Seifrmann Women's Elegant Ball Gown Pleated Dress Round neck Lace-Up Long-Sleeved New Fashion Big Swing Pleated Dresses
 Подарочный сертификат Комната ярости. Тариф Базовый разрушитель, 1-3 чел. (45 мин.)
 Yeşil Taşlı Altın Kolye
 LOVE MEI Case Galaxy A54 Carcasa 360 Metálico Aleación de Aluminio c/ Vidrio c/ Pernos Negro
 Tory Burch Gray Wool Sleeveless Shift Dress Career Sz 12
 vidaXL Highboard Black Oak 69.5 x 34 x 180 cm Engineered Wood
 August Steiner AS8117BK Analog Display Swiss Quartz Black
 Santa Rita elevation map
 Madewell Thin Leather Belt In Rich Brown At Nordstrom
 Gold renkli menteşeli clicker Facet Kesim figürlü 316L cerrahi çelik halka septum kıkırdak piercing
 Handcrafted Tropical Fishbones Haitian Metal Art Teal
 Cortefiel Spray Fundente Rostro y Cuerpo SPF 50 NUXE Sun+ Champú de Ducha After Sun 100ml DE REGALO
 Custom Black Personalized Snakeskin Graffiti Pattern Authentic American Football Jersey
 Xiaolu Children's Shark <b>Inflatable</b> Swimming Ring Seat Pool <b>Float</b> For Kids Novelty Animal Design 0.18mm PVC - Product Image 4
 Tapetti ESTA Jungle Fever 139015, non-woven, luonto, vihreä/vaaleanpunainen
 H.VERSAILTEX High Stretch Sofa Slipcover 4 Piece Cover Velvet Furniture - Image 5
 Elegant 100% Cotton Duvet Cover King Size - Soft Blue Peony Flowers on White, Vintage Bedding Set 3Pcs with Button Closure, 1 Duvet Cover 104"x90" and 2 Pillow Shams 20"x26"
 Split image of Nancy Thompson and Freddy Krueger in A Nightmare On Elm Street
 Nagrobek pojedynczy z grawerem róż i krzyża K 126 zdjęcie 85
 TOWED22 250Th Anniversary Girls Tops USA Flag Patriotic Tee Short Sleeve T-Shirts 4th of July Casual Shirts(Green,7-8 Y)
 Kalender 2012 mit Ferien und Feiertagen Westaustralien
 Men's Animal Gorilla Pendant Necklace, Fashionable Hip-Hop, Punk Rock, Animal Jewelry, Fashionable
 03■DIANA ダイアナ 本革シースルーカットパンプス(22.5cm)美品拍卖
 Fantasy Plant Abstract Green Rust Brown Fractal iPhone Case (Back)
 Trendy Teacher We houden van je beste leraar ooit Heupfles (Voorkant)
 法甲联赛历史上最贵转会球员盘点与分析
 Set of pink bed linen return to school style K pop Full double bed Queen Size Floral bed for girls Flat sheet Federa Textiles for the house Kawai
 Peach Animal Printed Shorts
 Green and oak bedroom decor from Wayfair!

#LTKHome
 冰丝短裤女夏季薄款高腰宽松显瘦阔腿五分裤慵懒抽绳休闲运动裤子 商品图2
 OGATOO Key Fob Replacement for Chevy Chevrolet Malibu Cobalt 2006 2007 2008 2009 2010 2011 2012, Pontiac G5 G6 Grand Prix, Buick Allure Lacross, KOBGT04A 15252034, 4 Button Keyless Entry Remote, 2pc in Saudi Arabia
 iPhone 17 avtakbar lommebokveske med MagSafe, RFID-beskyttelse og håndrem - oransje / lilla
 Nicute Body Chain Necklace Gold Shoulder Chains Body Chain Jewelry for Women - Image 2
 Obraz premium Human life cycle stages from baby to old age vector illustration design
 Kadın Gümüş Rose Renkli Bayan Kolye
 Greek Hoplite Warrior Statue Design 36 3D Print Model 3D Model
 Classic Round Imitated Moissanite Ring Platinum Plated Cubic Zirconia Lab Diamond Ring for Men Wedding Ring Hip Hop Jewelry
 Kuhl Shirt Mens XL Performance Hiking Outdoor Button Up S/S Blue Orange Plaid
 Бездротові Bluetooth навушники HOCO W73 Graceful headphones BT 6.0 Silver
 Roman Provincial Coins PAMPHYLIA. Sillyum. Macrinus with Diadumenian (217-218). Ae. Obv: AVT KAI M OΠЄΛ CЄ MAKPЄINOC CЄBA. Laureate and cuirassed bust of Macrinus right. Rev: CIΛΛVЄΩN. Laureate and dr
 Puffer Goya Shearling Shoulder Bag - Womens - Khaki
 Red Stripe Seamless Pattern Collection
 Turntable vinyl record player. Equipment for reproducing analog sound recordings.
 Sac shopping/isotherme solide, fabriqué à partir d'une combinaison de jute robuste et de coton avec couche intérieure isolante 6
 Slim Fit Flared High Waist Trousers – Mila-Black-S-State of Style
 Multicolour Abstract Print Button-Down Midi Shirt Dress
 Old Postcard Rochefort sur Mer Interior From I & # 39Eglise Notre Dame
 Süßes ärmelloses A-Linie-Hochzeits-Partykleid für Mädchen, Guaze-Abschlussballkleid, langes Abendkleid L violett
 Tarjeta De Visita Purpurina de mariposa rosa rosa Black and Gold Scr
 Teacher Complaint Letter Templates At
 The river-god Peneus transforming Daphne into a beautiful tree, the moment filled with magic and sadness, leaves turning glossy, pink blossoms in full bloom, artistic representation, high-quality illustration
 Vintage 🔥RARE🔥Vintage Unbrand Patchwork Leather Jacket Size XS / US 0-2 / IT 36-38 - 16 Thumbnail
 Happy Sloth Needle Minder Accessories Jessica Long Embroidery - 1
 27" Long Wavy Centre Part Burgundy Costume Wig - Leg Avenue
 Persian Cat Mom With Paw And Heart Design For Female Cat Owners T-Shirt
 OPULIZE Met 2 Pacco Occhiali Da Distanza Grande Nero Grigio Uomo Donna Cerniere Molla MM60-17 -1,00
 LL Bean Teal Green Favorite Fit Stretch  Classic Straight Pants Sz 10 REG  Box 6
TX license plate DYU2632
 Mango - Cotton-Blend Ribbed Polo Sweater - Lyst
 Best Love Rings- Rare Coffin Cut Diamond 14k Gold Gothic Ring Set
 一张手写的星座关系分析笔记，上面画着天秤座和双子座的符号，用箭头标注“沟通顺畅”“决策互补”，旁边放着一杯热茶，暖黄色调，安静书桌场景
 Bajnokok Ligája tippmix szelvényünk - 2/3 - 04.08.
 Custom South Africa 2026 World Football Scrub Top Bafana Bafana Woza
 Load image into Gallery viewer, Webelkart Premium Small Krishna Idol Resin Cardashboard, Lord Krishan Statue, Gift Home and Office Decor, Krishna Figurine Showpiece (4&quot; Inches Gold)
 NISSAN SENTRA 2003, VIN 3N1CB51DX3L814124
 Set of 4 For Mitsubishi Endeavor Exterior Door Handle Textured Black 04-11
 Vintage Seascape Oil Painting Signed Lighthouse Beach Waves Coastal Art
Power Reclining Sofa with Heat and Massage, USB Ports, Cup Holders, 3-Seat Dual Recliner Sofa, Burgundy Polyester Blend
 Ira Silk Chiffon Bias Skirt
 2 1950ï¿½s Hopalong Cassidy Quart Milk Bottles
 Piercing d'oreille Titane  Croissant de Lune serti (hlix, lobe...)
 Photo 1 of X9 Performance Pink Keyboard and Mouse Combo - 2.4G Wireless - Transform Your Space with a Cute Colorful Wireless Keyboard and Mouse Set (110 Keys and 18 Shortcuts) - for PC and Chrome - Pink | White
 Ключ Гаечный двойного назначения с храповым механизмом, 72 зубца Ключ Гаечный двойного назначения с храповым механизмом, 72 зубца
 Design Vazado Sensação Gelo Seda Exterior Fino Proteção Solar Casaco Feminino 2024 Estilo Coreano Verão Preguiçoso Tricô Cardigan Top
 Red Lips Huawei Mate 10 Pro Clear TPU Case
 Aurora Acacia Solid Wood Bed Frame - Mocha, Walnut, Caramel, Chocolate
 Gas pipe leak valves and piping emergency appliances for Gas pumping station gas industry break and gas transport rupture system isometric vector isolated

____________________

Directions »
From the records above, quote only the lines running from the line with "Süßes ärmelloses A-Linie-Hochzeits-Partykleid" to the line with "Best Love Rings- Rare", both lines included.

Response to this exercise »
 Süßes ärmelloses A-Linie-Hochzeits-Partykleid für Mädchen, Guaze-Abschlussballkleid, langes Abendkleid L violett
 Tarjeta De Visita Purpurina de mariposa rosa rosa Black and Gold Scr
 Teacher Complaint Letter Templates At
 The river-god Peneus transforming Daphne into a beautiful tree, the moment filled with magic and sadness, leaves turning glossy, pink blossoms in full bloom, artistic representation, high-quality illustration
 Vintage 🔥RARE🔥Vintage Unbrand Patchwork Leather Jacket Size XS / US 0-2 / IT 36-38 - 16 Thumbnail
 Happy Sloth Needle Minder Accessories Jessica Long Embroidery - 1
 27" Long Wavy Centre Part Burgundy Costume Wig - Leg Avenue
 Persian Cat Mom With Paw And Heart Design For Female Cat Owners T-Shirt
 OPULIZE Met 2 Pacco Occhiali Da Distanza Grande Nero Grigio Uomo Donna Cerniere Molla MM60-17 -1,00
 LL Bean Teal Green Favorite Fit Stretch  Classic Straight Pants Sz 10 REG  Box 6
TX license plate DYU2632
 Mango - Cotton-Blend Ribbed Polo Sweater - Lyst
 Best Love Rings- Rare Coffin Cut Diamond 14k Gold Gothic Ring Set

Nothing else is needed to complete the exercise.